Text file extraction

If you already have text files you want to extract data from, you can do either single text file extraction or batched extraction across text files.

For single text file extraction, use the TextSource(text_id=..., content=...) field in Python, or the "source": {"text_id": ..., "content": ...} field in the HTTP API.
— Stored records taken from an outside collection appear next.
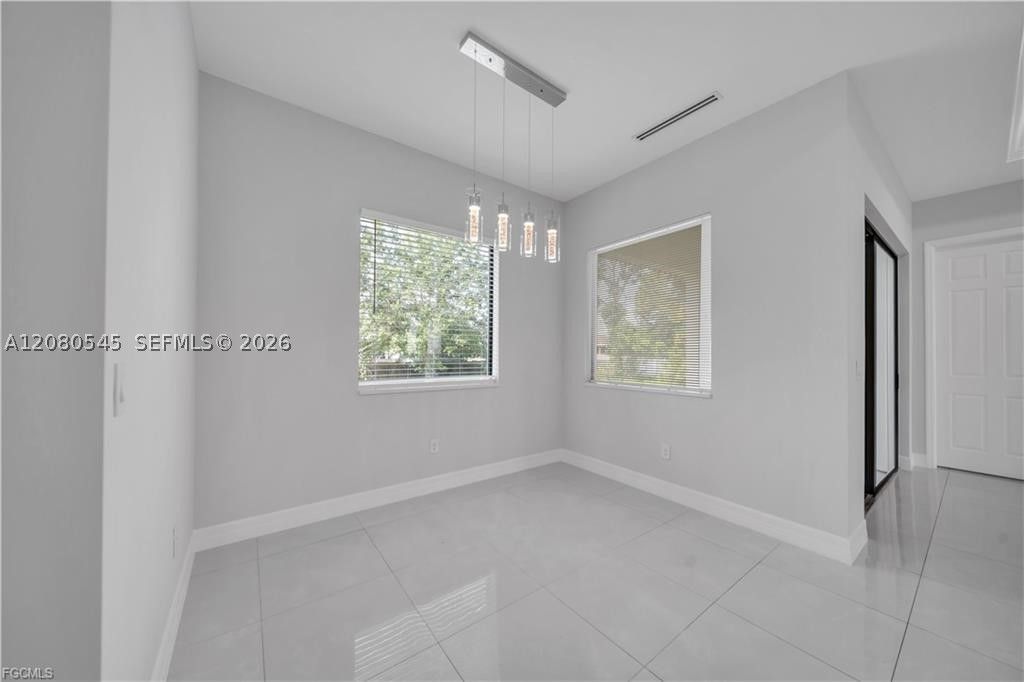 3509 38th St SW , Lehigh Acres, FL 33976 Photo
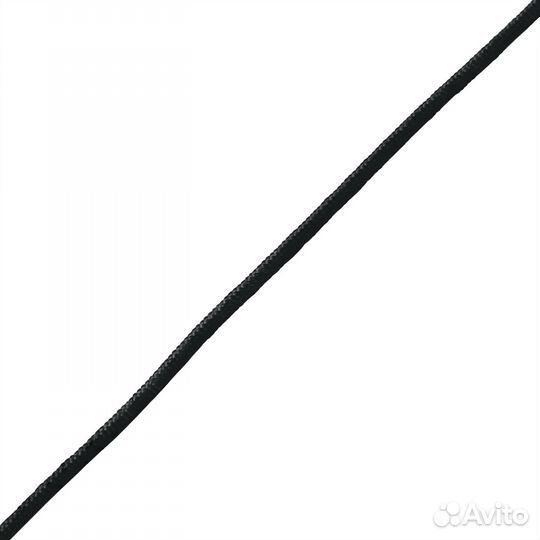 Линь для подводной охоты Dyneema 1,5mm 120kg 400m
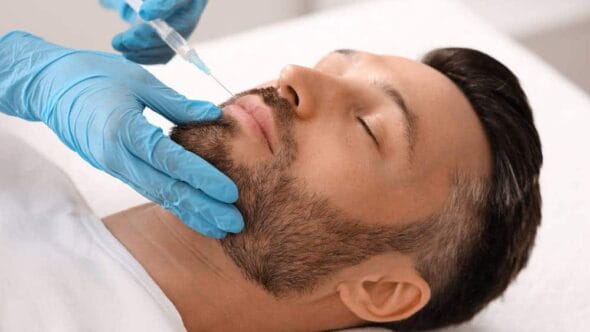 Medicina estética en Madrid qué tener en cuenta antes de elegir una clínica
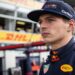 verstappen ouder dan de gemiddelde f1 grid van 2026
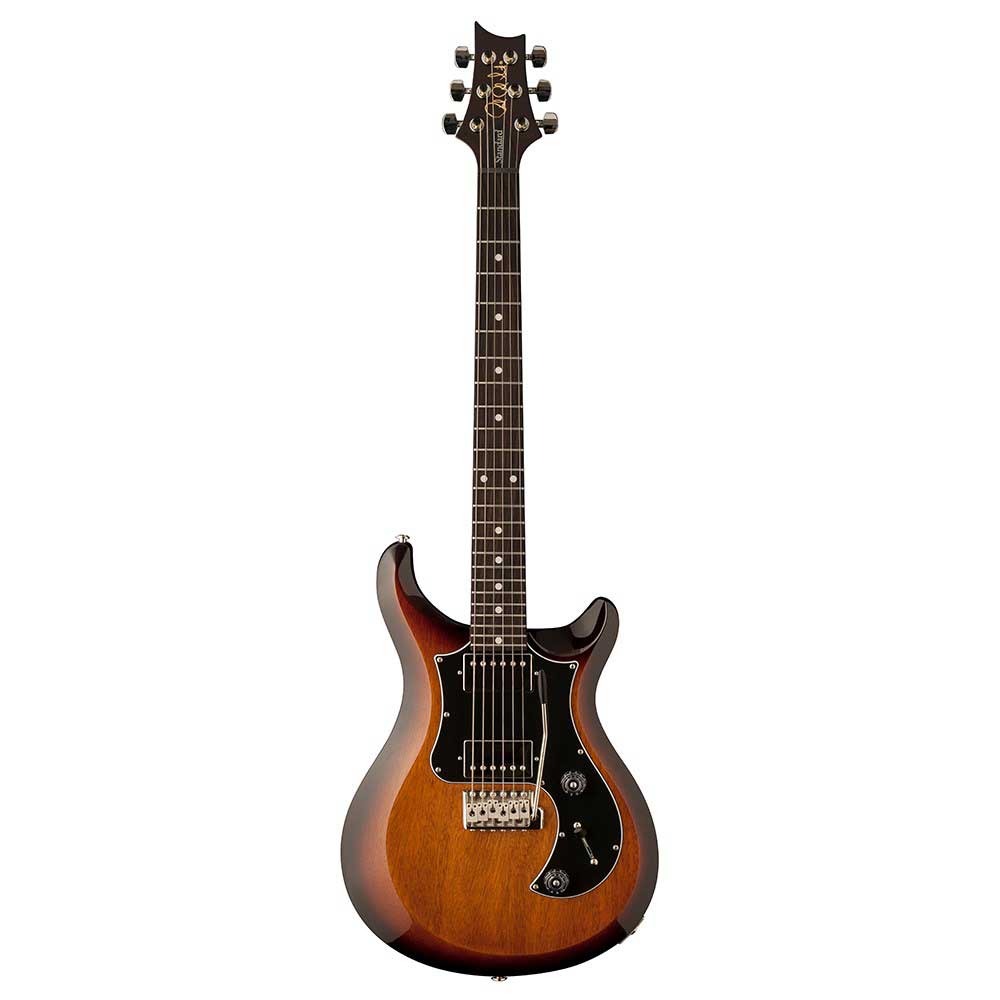 Đàn Guitar Điện PRS S2 Standard 24 w/Bag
For batched text file extraction, use the BatchTextSource(sources=...) field in Python, or the "source": {"sources": ...} field in the HTTP API.

JSON Schema Extraction

JSON Schema Extraction gives you more free-form control over the format of the data you pull out.

Single URL extraction

import os
from pydantic import BaseModel, Field
 
from fixpoint.client import FixpointClient
from fixpoint.client.types import CreateJsonSchemaExtractionRequest, WebpageSource
 
class WebsiteSummary(BaseModel):
"""A summary of a vertical SaaS AI website."""
 
    product_summary: str = Field(description="A summary of the business's product")
    industries_summary: str = Field(
        description="A summary of the industries the business serves"
    )
    use_cases_summary: str = Field(
        description="A summary of the use-cases of the product"
    )
 
PROMPT = """You are looking at the website for a vertical SaaS company.
Your job is to extract information from the site and fill in the provided JSON template.
"""
 
client = FixpointClient(api_key=os.environ["FIXPOINT_API_KEY"])
 
extraction = client.extractions.json.create(
  CreateJsonSchemaExtractionRequest(
    # you can use the workflow ID to group scrapes together
    # you can use the run ID to retry a workflow run
    # run_id="wfrun-2024-10-30"
    workflow_id="my-workflow-id",
    # A Pydantic model that defines the data you want to extract from the site
    source=WebpageSource(url=site),
    # Any extra prompt instructions to send to the LLM that performs # extraction
    schema=WebsiteSummary.model_json_schema(),
    extra_instructions=[
      {"role": "system", "content": PROMPT},
    ],
  )
)
 
print(json.dumps(extraction.result, indent=2))
 

Crawling extraction

Crawling extraction is not supported with the JSON Schema Extraction mode.

Text file extraction

To use text file extraction with JSON Schema Extraction, just use the TextSource or BatchTextSource like described for Record Extraction.